▸ Dataset section:

--- START ---

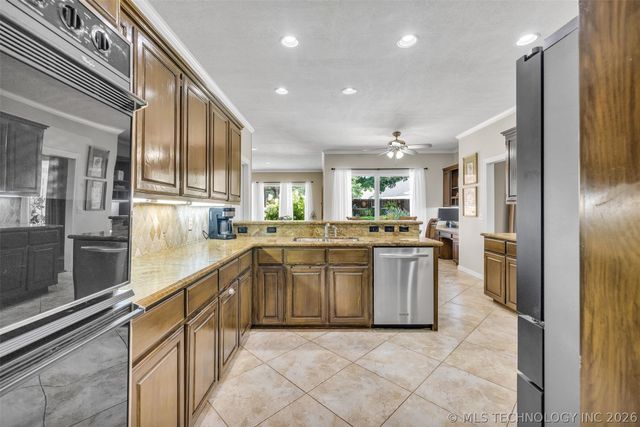 10329 S Granite Avenue, Tulsa, OK 74137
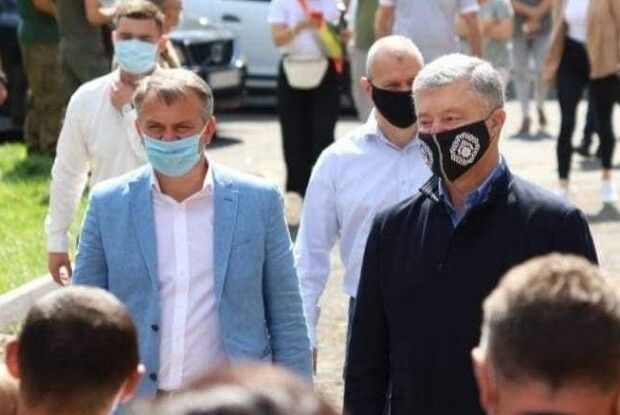 Порошенко у Дрогобичі: санкції від Росії – як відзнака за оборону України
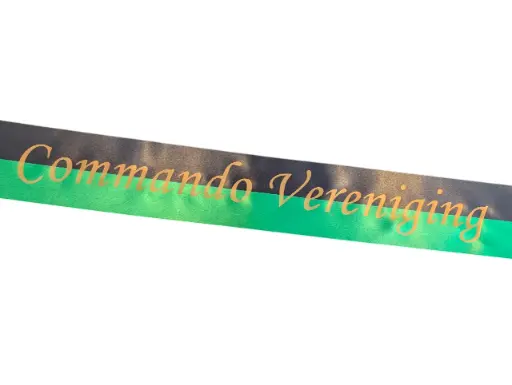 [A-028004] Groen Zwart Texel vlag met Gouden opdruk 100 mm 80 cm 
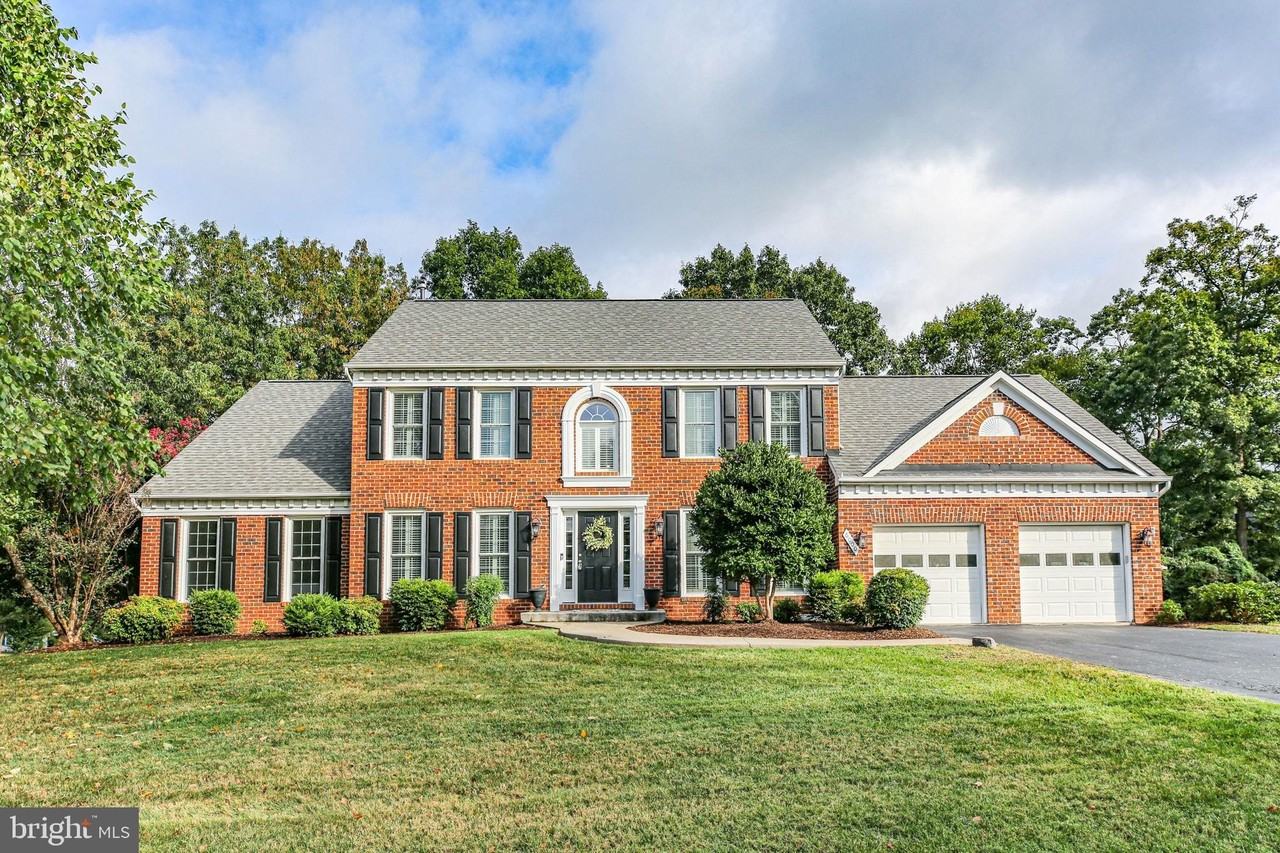 6000 Blackstone Blvd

--- END ---

▸ What this task involves: None of the pictures should be carried over when the data above is transcribed exactly.

▸ Expected output:
 10329 S Granite Avenue, Tulsa, OK 74137
 Порошенко у Дрогобичі: санкції від Росії – як відзнака за оборону України
 [A-028004] Groen Zwart Texel vlag met Gouden opdruk 100 mm 80 cm 
 6000 Blackstone Blvd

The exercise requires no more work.